Senate wrangling over judicial appointments has stirred the ire of some
members of the Supreme Court, including Justice Anthony Kennedy, who
issued a warning to Members of Congress who have obstructed the
appointment of federal judges.
“I think it’s time for the parties to come together,” Kennedy said in a
speech last month at University of Virginia Law School.
He added that Republicans and Democrats “had better start thinking about
the dangers to judicial independence from insisting on certain political
views.”
Nonetheless, most in the legal community believe that short of receiving
a recess appointment by the president, any Supreme Court nominee could
encounter similar difficulties and that could leave the fate of soft
money and issue ads up to an eight-member court.

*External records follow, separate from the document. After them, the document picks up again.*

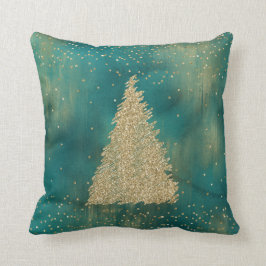 Groene Goud Glitter Sparkel Kerstboom Kussen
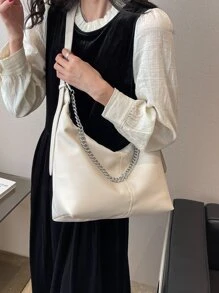 Túi vai màu trơn Có thể điều chỉnh được Chuỗi - trắng - Xem 4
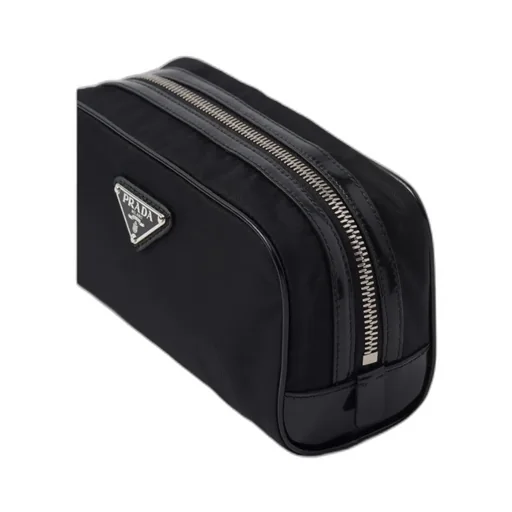 Re-Nylon And Brushed Leather Pouch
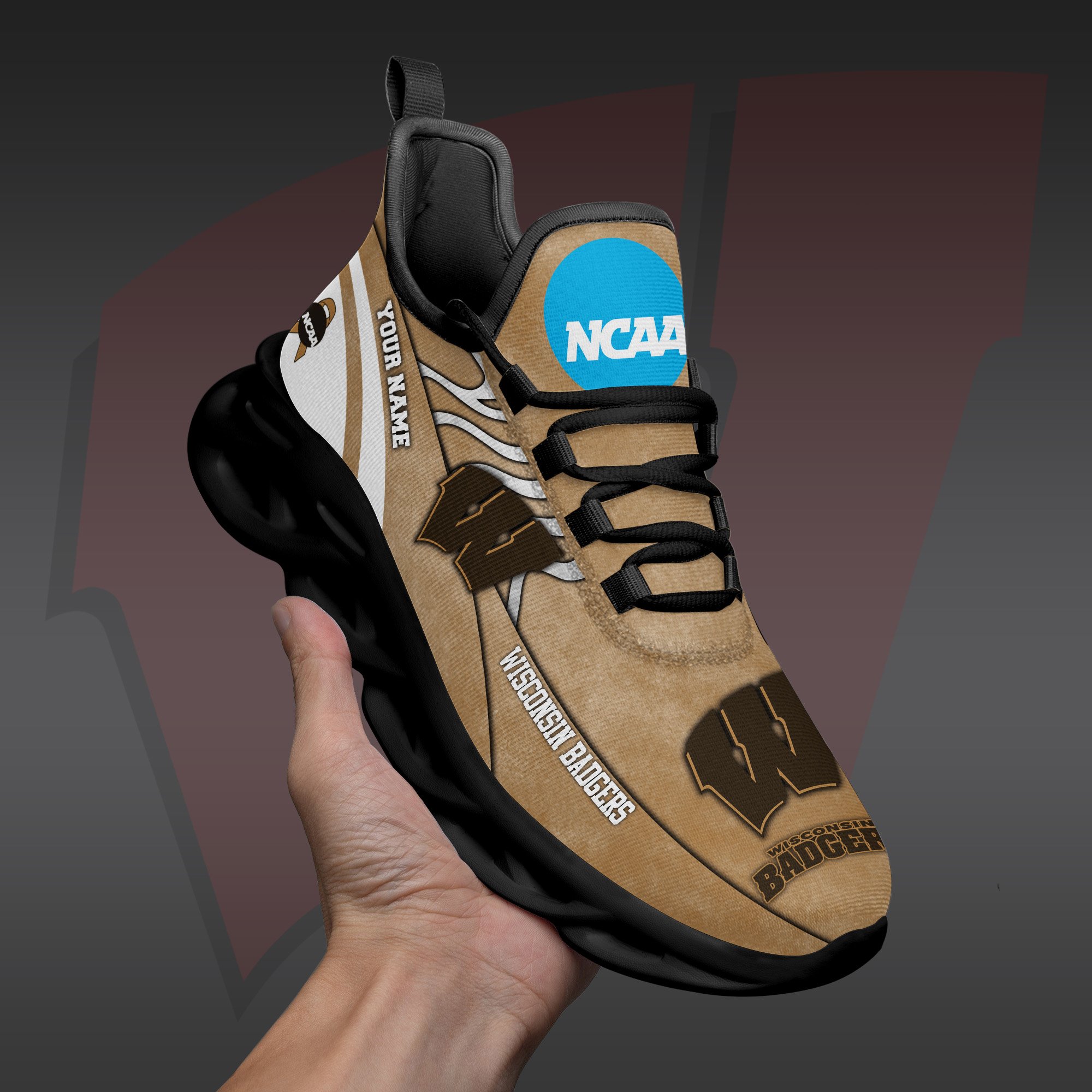 Wisconsin Badgers Black Max Soul Shoes 2025 Versions Custom Your Name And Number 312
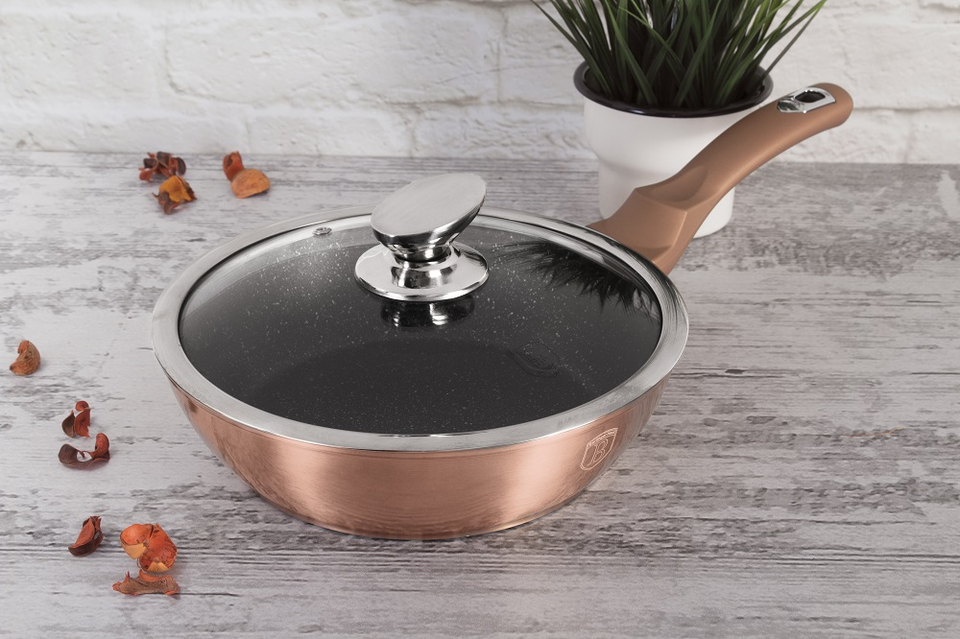 Deep Frying Pan 24 cm Berlinger Haus BH/1517 Rose Gold Collection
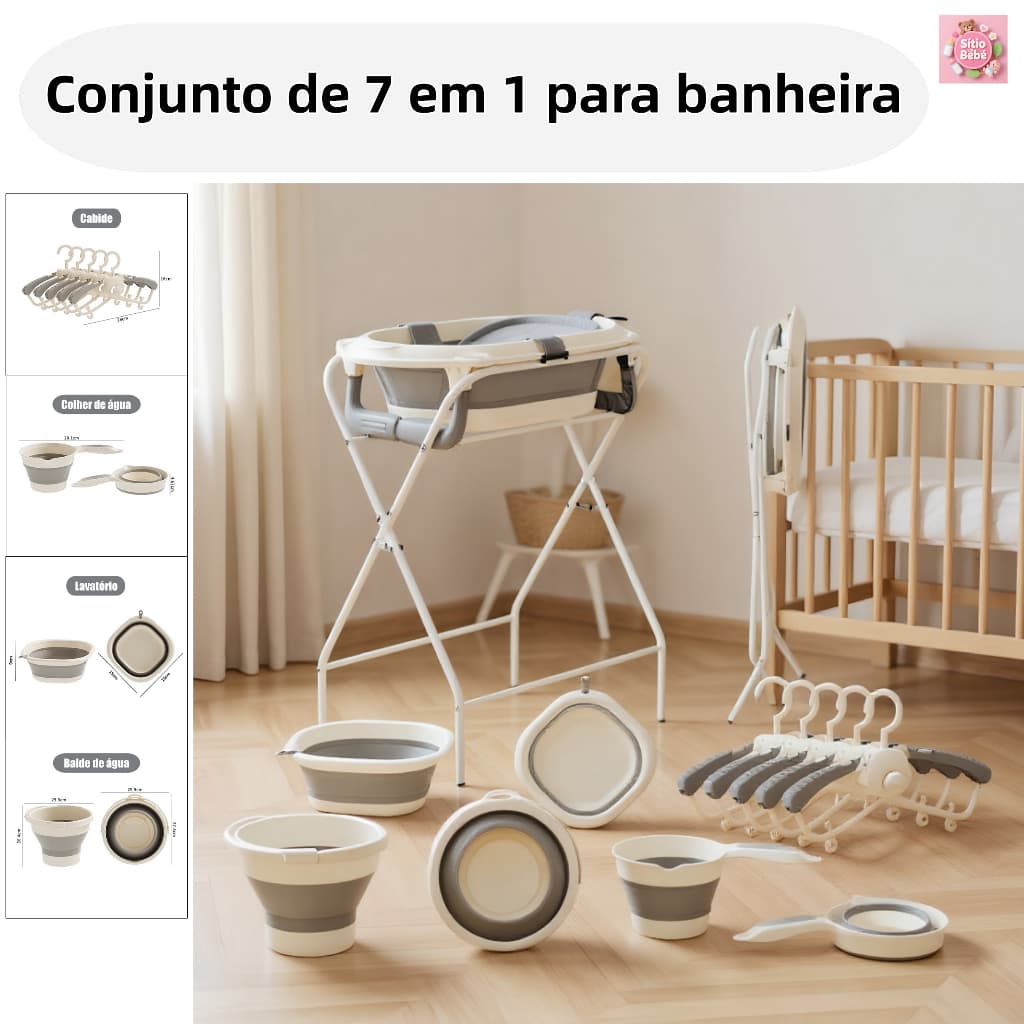 Banheira 7 em 1 Infantil De Bebê Dobrável Com Suporte Almofada Cinza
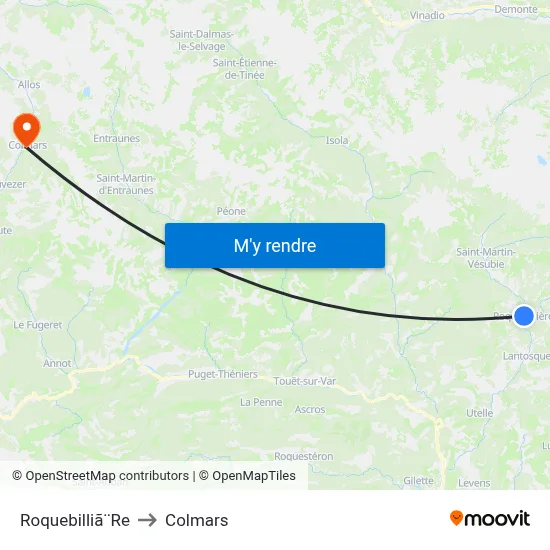Roquebilliã¨Re to Colmars map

If eight Supreme Court justices were to end up deadlocked 4-4 on
campaign finance issues, last week’s controversial lower court decision,
which struck some provisions in the soft-money ban and altered how issue
ads are regulated, would become the rule of the land for the foreseeable
future.
One D.C.-based GOP attorney who is also involved in the case said there
is a “real likelihood” that any Bush nominee to the Supreme Court could
face a long and sticky confirmation process given the current state of
regard to judicial nominees.
“But I would be surprised if Justice Rehnquist or anyone else retires
before September or October, when this is likely to be heard or decided
by year-end,” the lawyer continued. “In other words, a retirement could
come but not be effective until a later date — and this case would be
done by then, I presume.”
Several sources noted that the Supreme Court — which has not yet
established a calendar for proceedings in the case — has given signals
that it could choose to address the campaign finance case in a more
expeditious manner, if parties in the case simply make that request.

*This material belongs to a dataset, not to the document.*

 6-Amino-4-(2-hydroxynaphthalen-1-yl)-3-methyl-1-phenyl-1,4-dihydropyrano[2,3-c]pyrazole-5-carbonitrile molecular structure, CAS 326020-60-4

Indeed, a quick hearing of the case would eliminate worries about
potential retirements, but with each passing day that scenario appears
less likely and many attorneys involved in the case said they are
resigned to the fact that the case won’t be taken up until the next term.
As reporter Tony Mauro recently wrote for American Lawyer Media, June is
a “crunch time for the justices, with complex decisions pending on
issues including gay rights and affirmative action,” not to mention the
fact that most of the justices have travel plans already in place.
Rehnquist and Kennedy are both headed to Austria in early July to teach
law school classes.
Sen. Mitch McConnell (R-Ky.), the lead plaintiff in the effort to have
the law struck down, declined to make any educated guesses about the
makeup of the court or how it might rule.
“It’s not possible to ascertain what the outcome of the case will be
under the current court,” said McConnell.
In terms of a reconfigured court,
McConnell said “there are so many variables, it’s impossible to ascertain.”
In other developments in the court case this week, the National Rifle
Association filed a motion for a stay of the three-judge district court
panel’s decision as it relates to issue advocacy.
Stating the the court’s modification of Title II’s definition of
electioneering communications “immediately threatens the NRA’s speech in
support of gun legislation now pending in Congress,” the filing asks the
court to set aside the court’s finding and instead restore Congress’
definition of electioneering communication, which relies on defining
election activity within 30- and 60-day windows.
The Republican National Committee and the AFL-CIO also filed their
notices of appeal in the case Wednesday.
Paul Kane contributed to this report.